I am trying to secure checkbox in Reactjs to only authorized users with following method but problem is that if someone want can change state from false to true in dev tool and bypass security. the checkbox is in table having more than 100s of rows, for every row there is a checkbox. at the moment I check against the state of isAuthorized, if false I disable checkbox and it is working fine but can be changed in Dev tool. I also tried by calling a function for every table row to check API if authorized but problem is there is 100s of calls to API for every row grateful for any suggestion to help me with this problem. much appreciated. PS. I checked google and all information is about route security and couldn't find anything relate to my problem.

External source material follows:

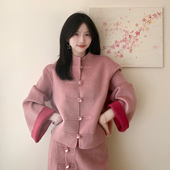 新款 新中式 国风粉色盘扣两件套女秋冬季 小个子撞色毛呢上衣半身裙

import React, { useEffect, useState } from "react";
import { useParams } from "react-router-dom";
import { Link } from "react-router-dom";
import { useLocation } from "react-router-dom";
const WorkList = (props) => {
const [isAuthorized, setIsAuthorized] = useState(false);
useEffect(() => {
const requestOptions = {
method: "POST",
headers: { "Content-Type": "application/json" },
body: JSON.stringify({
EMPID: "2514",
}),
};
fetch(
`https://api......`,
requestOptions
)
.then((response) => response.json())
.then((responseJSON) => {
setIsAuthorized(responseJSON);
});
}, []);
///////////////////////////////////////////////////////////Map Data In Table//////////////////////////////////////////////////////////
return (
<table>
<thead>
<tr>
<th>Name</th>
<th>Done </th>
</tr>
</thead>
<tbody>
{items.map((item) => (
<tr key={item.Name}>
<td>{item.IsDone}</td>
<td>
{isAuthorized ? (<input type="checkbox" />) :
(<input type="checkbox" disabled />)}
</td>
</tr>
))}
</tbody>
</table>
);
};
export default WorkList;
CodePudding user response:
Client side validation of user input is necessary but will never be sufficient. You should always check user input on the server-side as well. Your issue is one of the example as to why it is not sufficient.
Sadly there is nothing you can do to prevent it. Someone with malicious intent will always be able to counteract the mesures you take on the client side.
You should validate that the user is authorized to make the change on the server.
However, client-side validation should not be considered an exhaustive security measure! Your apps should always perform security checks on any form-submitted data on the server-side as well as the client-side, because client-side validation is too easy to bypass, so malicious users can still easily send bad data through to your server.
https://developer.mozilla.org/en-US/docs/Learn/Forms/Form_validation
Here are a few links if you want to learn more about authorization token and JWT: https://developer.mozilla.org/en-US/docs/Web/HTTP/Headers/Authorization
CodePudding user response:
1 what SamiElk commented, but outside of the fact that you should validate this input on both the client and server side, a cleaner way to do it would be to retrieve the authorization status of the user in a parent component, and pass it down to this component here as a prop, instead of initializing it as state. Furthermore, if you're running a production build of React on your application (as you should be, since it trims out the irrelevant developer and debugging functionality), then they can't use the React devtools directly to change the state's value.